How I Measure with JustMLS   Back to Lou's Homepage
(Note: This seems to work for me. NO Guarantees!)

Testing Drivers for Design

I use a specific procedure for measuring drivers that may differ somewhat from those used by others. It works for me. This single setup method does a good job of handling diffraction and baffle step issues for the individual speaker design. It also means that measurements from one design are not easily used with an alternative box or a different combination of drivers.

I design the boxes and install all the drivers, ports and stuffing. Lately I've been using a baffle that includes rabetted driver cutouts. Since I primarily use biscuits, it's easy to duct tape the test baffle to the box. I wire each driver separately. This tower mount is probably better for MTMs and on calm days wind wise

I do my testing outdoors. For "bookshelf" speakers, I mount them on a stand about 4.5 feet high. The mic is set up roughly 1 meter, (40") away. Usually, I place the mic on the same horizontal plane as the tweeter with the speaker rotated a few degrees off axis. Towers are measured on the ground. I bought a cheap laser level to help with the alignment process.

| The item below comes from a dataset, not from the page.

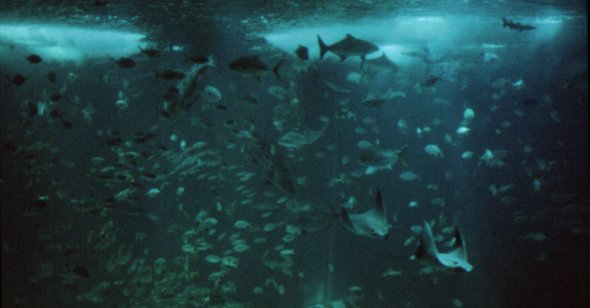 Pavilhao dos Oceanos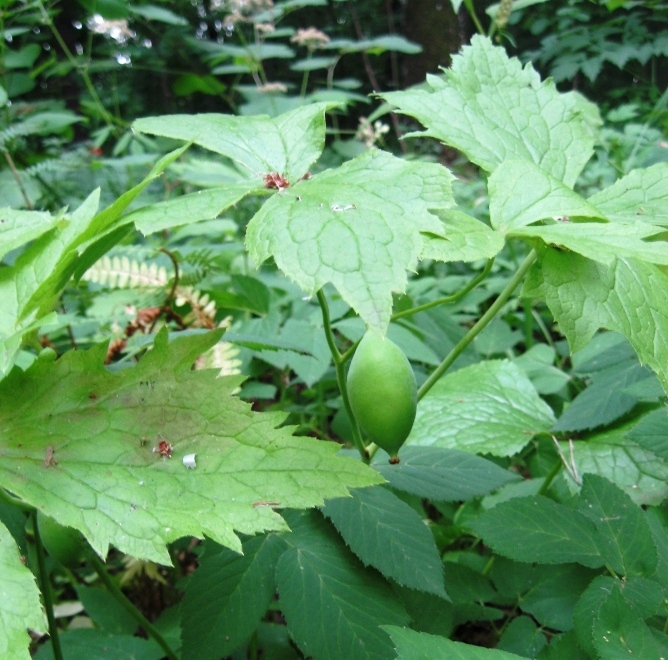 Изображение особи Sinopodophyllum hexandrum.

This up high method is designed to get rid of all spurious reflections and ground bounce. It gets impractical with big boxes.

I think ground plane setups work just as well for most boxes and is considerably easier to setup. You are supposed to tilt the box so sighting across the box top points directly at the microphone. In practice being off a bit on the angle doesnt drastically change the results.

For calibrating the sound card, I take the speaker output directly to the line in, set the levels, and calibrate at various sample rates and lengths. When you get a good calibration file ("") make a backup. I've trashed mine a couple of times.

I've found setting the sampling to 44,100 with 8192 as the MLS sample length seems to be the best compromise. Typical window lengths of 7 to 30 ms seem to give me the best results. I use the tweeter to establish the reference volume level for all tests. With 2 channel, you need to set the levels first.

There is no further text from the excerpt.